- _Aim of the exercise_
Note on the material below: return exactly the lines from the line that holds "If You Don't" through the line that holds "2016 Kia Soul Base", and leave out each picture.

- _Records for the task_
Start of Block

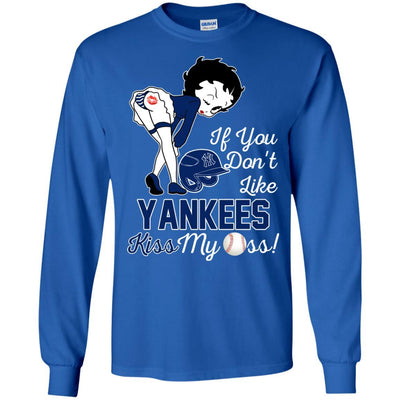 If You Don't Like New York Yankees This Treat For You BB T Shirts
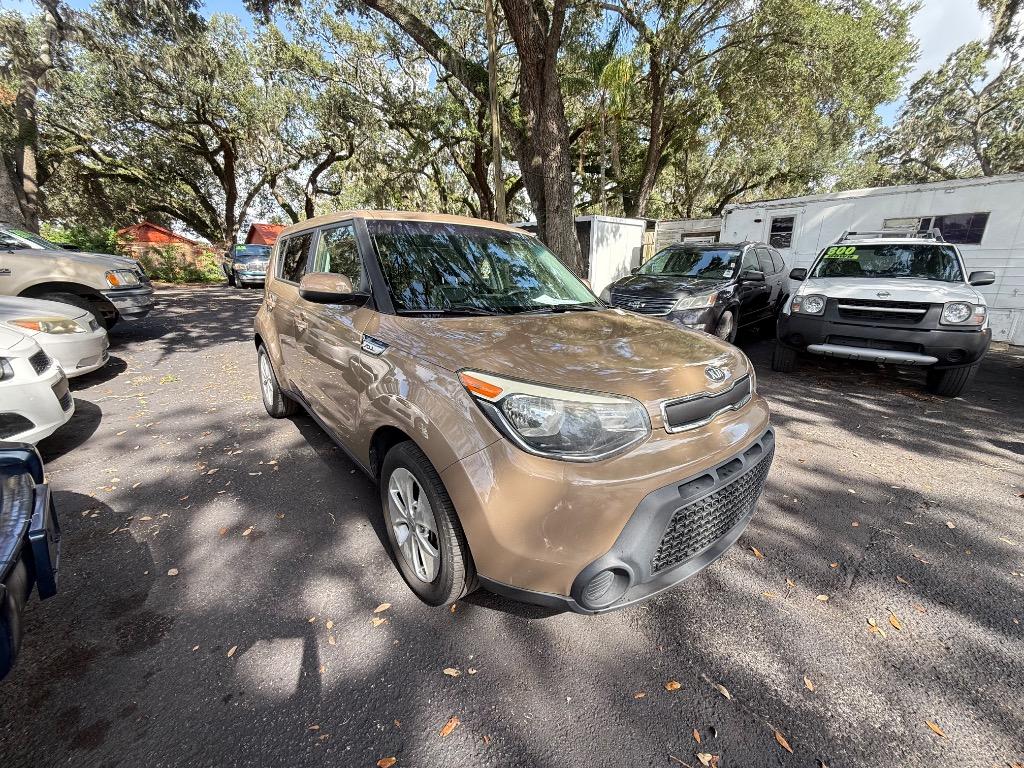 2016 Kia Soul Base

End of Block
Start of Block

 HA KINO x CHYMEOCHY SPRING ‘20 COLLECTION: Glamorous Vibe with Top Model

End of Block

- _Problem solution_
 If You Don't Like New York Yankees This Treat For You BB T Shirts
 2016 Kia Soul Base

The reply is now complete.